:: DATASET EXTRACT

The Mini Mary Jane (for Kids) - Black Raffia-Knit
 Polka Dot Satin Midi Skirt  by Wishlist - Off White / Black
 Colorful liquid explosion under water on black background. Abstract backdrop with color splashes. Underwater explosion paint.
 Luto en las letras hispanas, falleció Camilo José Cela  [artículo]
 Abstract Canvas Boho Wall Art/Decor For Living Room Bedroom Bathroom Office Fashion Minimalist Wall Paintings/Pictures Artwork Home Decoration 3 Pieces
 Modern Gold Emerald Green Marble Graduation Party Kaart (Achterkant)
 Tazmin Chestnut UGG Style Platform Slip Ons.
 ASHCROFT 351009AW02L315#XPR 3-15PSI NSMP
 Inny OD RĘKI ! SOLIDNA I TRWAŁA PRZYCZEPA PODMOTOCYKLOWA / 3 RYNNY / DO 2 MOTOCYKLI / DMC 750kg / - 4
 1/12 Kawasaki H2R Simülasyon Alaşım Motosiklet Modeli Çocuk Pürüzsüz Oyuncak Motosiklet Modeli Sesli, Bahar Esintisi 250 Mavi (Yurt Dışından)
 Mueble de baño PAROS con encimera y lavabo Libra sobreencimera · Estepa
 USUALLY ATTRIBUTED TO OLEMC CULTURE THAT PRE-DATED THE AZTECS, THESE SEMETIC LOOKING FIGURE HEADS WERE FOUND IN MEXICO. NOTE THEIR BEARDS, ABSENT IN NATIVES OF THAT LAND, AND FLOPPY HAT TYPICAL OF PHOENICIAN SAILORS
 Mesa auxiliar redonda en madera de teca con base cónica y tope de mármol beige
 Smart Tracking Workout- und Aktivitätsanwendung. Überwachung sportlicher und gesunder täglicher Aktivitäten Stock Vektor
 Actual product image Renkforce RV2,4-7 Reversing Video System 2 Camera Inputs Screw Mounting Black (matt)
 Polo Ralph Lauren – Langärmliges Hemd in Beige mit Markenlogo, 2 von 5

::::

# WORK INSTRUCTION:
Every word of every entry must be returned as it appears.

# WRITTEN ANSWER:
The Mini Mary Jane (for Kids) - Black Raffia-Knit
 Polka Dot Satin Midi Skirt  by Wishlist - Off White / Black
 Colorful liquid explosion under water on black background. Abstract backdrop with color splashes. Underwater explosion paint.
 Luto en las letras hispanas, falleció Camilo José Cela  [artículo]
 Abstract Canvas Boho Wall Art/Decor For Living Room Bedroom Bathroom Office Fashion Minimalist Wall Paintings/Pictures Artwork Home Decoration 3 Pieces
 Modern Gold Emerald Green Marble Graduation Party Kaart (Achterkant)
 Tazmin Chestnut UGG Style Platform Slip Ons.
 ASHCROFT 351009AW02L315#XPR 3-15PSI NSMP
 Inny OD RĘKI ! SOLIDNA I TRWAŁA PRZYCZEPA PODMOTOCYKLOWA / 3 RYNNY / DO 2 MOTOCYKLI / DMC 750kg / - 4
 1/12 Kawasaki H2R Simülasyon Alaşım Motosiklet Modeli Çocuk Pürüzsüz Oyuncak Motosiklet Modeli Sesli, Bahar Esintisi 250 Mavi (Yurt Dışından)
 Mueble de baño PAROS con encimera y lavabo Libra sobreencimera · Estepa
 USUALLY ATTRIBUTED TO OLEMC CULTURE THAT PRE-DATED THE AZTECS, THESE SEMETIC LOOKING FIGURE HEADS WERE FOUND IN MEXICO. NOTE THEIR BEARDS, ABSENT IN NATIVES OF THAT LAND, AND FLOPPY HAT TYPICAL OF PHOENICIAN SAILORS
 Mesa auxiliar redonda en madera de teca con base cónica y tope de mármol beige
 Smart Tracking Workout- und Aktivitätsanwendung. Überwachung sportlicher und gesunder täglicher Aktivitäten Stock Vektor
 Actual product image Renkforce RV2,4-7 Reversing Video System 2 Camera Inputs Screw Mounting Black (matt)
 Polo Ralph Lauren – Langärmliges Hemd in Beige mit Markenlogo, 2 von 5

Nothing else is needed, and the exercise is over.